Things got worse with the attack by a “fundamentalist” group (which first appeared in the 1930s and inspired by Italian Fascism) which threw incendiary bombs, known as “Molotov Cocktails”, at Porta dos Fundos’ main offices, in Rio de Janiero, on November 24th.

The only identified attacker, Eduardo Fauzi, traveled to Russia on December 29th, and is seeking political refugee status in order to sidestep the warrant for his arrest by the Brazilian Supreme Court. His extradition is quite likely given agreements between Brazil and Russia.

“There is no other way to respond but with our own hands” to attacks made against our faith, when “the liberal paradigm, which is hegemonic in times of (atheist) post-modernity”, imposes its thoughts and stops Christians from being heard, Fauzi said in an interview via Whatsapp with news website Colabora.

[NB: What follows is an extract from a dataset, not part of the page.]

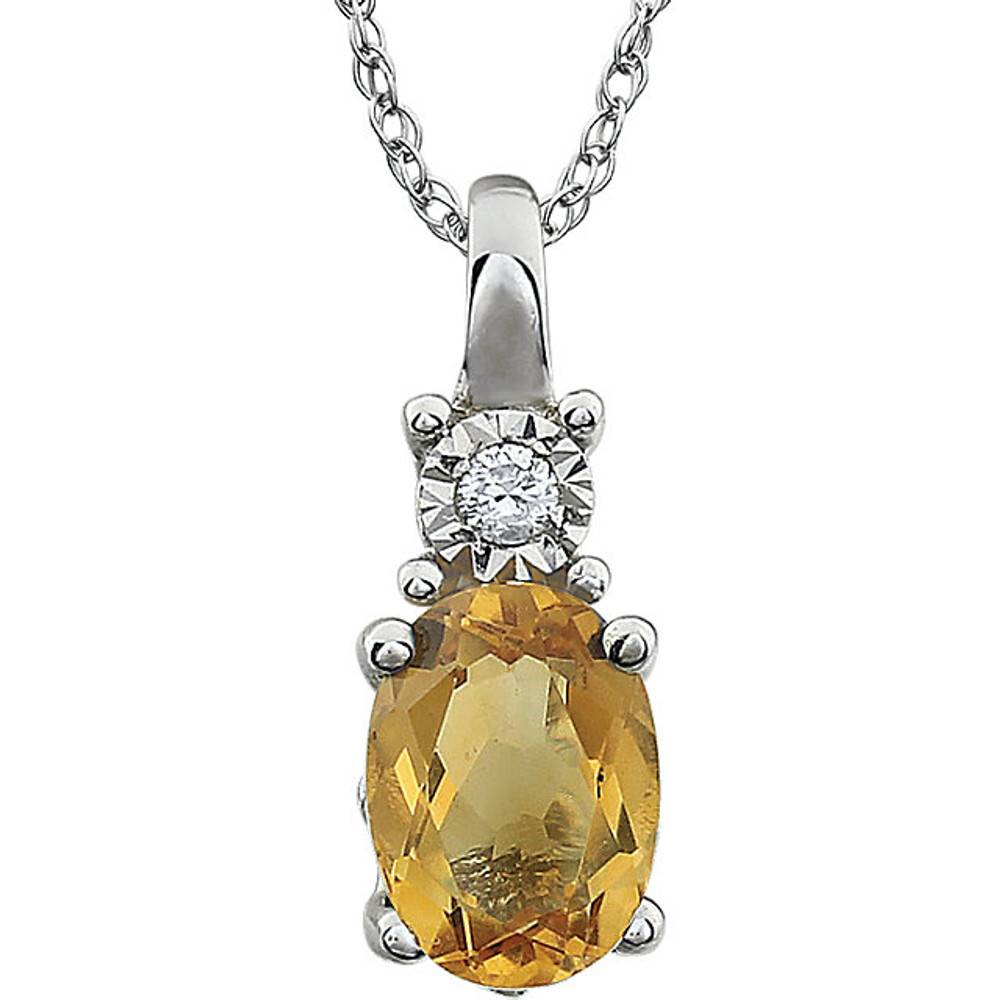 Exquisite 14Kt white gold pendant captures the beauty of a genuine 7x5mm oval Citrine accented by white shimmering diamonds hanging from an 18" inch necklace.Total weight of the diamonds is 0.02 total carat weight.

As a result of the attack, which didn’t result in any fatalities, Fauzi was kicked out of the Social Liberal Party (PSL) which he had been a member of since 2011. This is the same party which helped Bolsonaro reach the Presidency, which he then left on November 19, 2019, to form his own movement Alliance for Brazil.

From the film on Netflix, The First Temptation of Christ. 

Porta dos Fundos’ special Christmas satire reflects the unease many Brazilian population groups feel in the face of growing religious interference in public affairs, the decline of the secular State.

Bolsonaro has stated many a time that power belongs to the majority, which is Christian in Brazil, forgetting his promise to rule for every Brazilian and the plurality that defines democracy.

His actions respond especially to those sectors which helped him to win at the ballot; almost 70% of Evangelicals gave him their vote.

The movie, which is still available on Netflix, tells the story of how Christ returns after 40 days in the desert, where he was subjected to many a temptation. The comedy-makers chose gay attraction as the temptation they wanted to focus on.

Welcomed back by his family for his 30th birthday, he learns about the mission God bestowed upon him. His doubts mix with dreams brought on by a drug and his “boyfriend”, Orlando, ends up taking his real identity, the devil or the greatest temptation.

Christ wins his fight with the devil, possessing him and making him explode, after losing the first battles of paralyzing or crushing blows, as well as his father God. That’s to say, he overcomes the temptation and takes on his mission as the Messiah, like the Bible says, but along a burlesque route.

As well as comedians, atheists began to react in the face of a wave of mysticism. The Brazilian Association of Atheists and Agnostics made an appearance and questioned Catholic monuments in public spaces and shows with Gospel music being paid with money from the secular State.

A problem some churches have contributed to is the reappearance or increased risk of diseases such as the measles, because of their anti-vaccine rhetoric. There are religious leaders who recommend to their followers that they don’t get their children vaccinated, using fake arguments, such as the risk of infection and other diseases.